- Source data

-- -- --

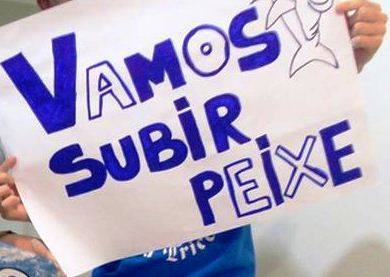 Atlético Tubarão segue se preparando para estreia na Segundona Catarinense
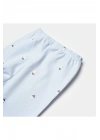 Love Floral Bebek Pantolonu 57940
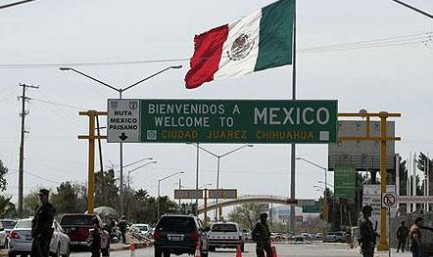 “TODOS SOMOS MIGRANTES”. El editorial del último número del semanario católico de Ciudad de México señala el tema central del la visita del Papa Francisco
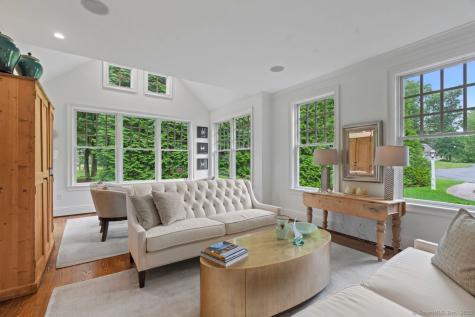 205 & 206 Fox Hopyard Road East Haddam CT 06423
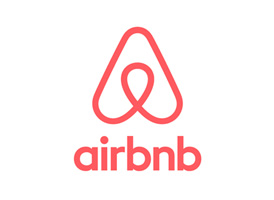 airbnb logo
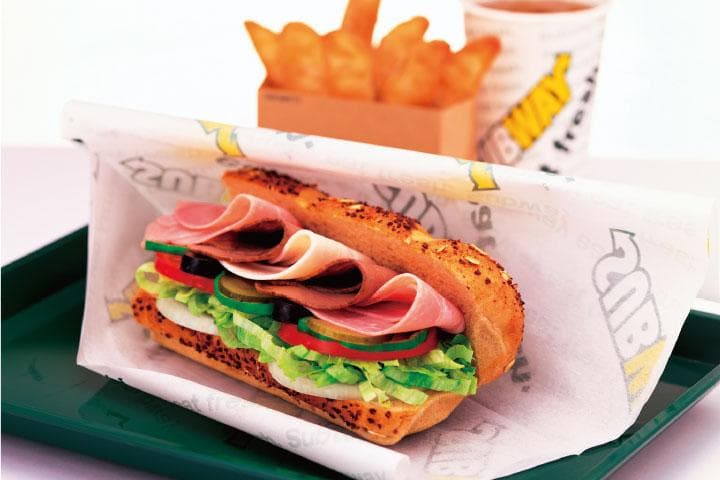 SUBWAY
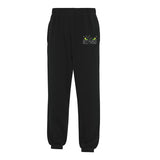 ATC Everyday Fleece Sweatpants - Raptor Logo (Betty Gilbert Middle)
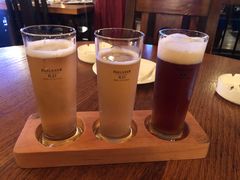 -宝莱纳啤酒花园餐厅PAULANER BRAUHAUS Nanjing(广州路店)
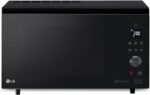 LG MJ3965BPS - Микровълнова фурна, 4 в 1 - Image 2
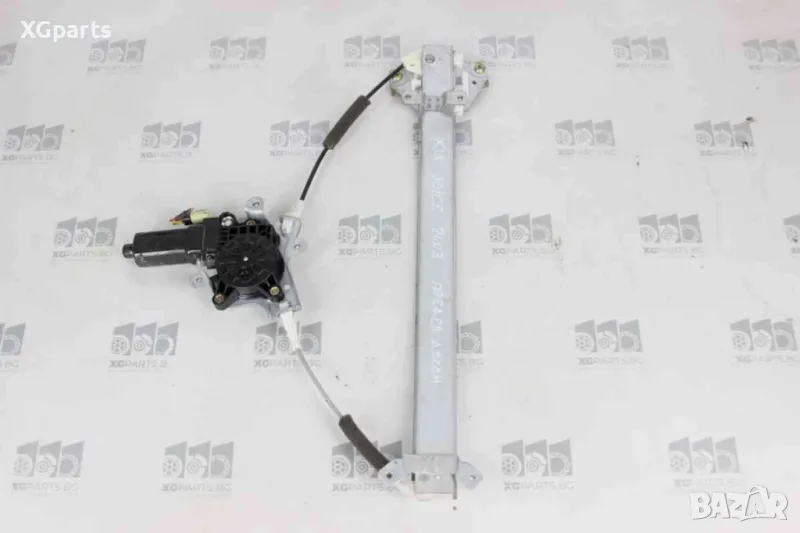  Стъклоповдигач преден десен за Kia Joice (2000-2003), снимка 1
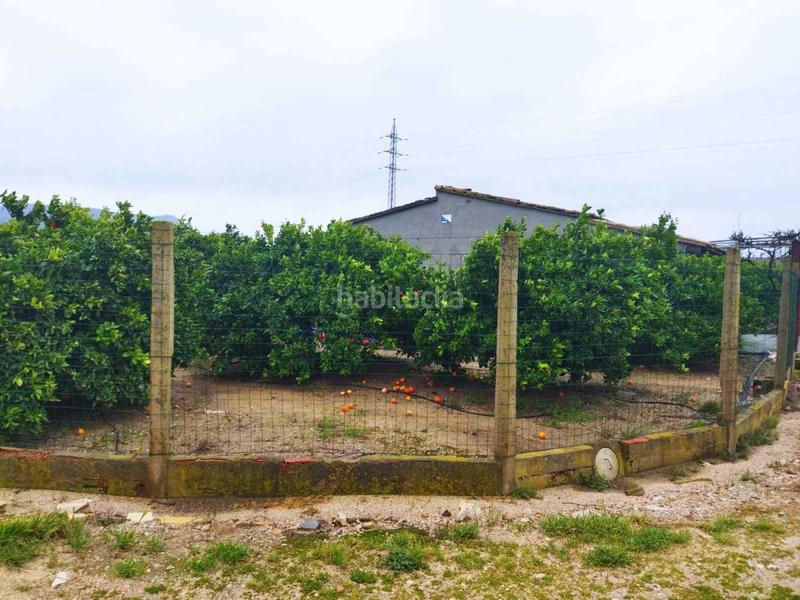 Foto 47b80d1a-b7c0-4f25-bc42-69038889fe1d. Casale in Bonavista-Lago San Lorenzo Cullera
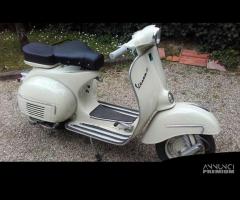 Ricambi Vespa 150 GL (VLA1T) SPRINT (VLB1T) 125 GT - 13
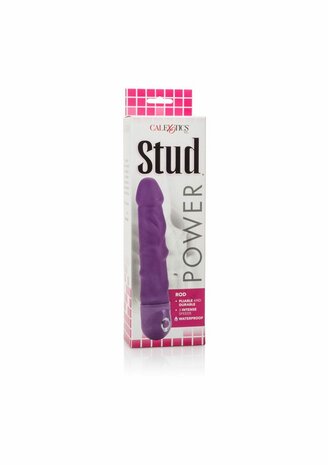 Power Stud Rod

-- -- --

- Task brief
All of the data is to be transcribed exactly, with images omitted.

- Result for this task
 Atlético Tubarão segue se preparando para estreia na Segundona Catarinense
 Love Floral Bebek Pantolonu 57940
 “TODOS SOMOS MIGRANTES”. El editorial del último número del semanario católico de Ciudad de México señala el tema central del la visita del Papa Francisco
 205 & 206 Fox Hopyard Road East Haddam CT 06423
 airbnb logo
 SUBWAY
 ATC Everyday Fleece Sweatpants - Raptor Logo (Betty Gilbert Middle)
 -宝莱纳啤酒花园餐厅PAULANER BRAUHAUS Nanjing(广州路店)
 LG MJ3965BPS - Микровълнова фурна, 4 в 1 - Image 2
  Стъклоповдигач преден десен за Kia Joice (2000-2003), снимка 1
 Foto 47b80d1a-b7c0-4f25-bc42-69038889fe1d. Casale in Bonavista-Lago San Lorenzo Cullera
 Ricambi Vespa 150 GL (VLA1T) SPRINT (VLB1T) 125 GT - 13
 Power Stud Rod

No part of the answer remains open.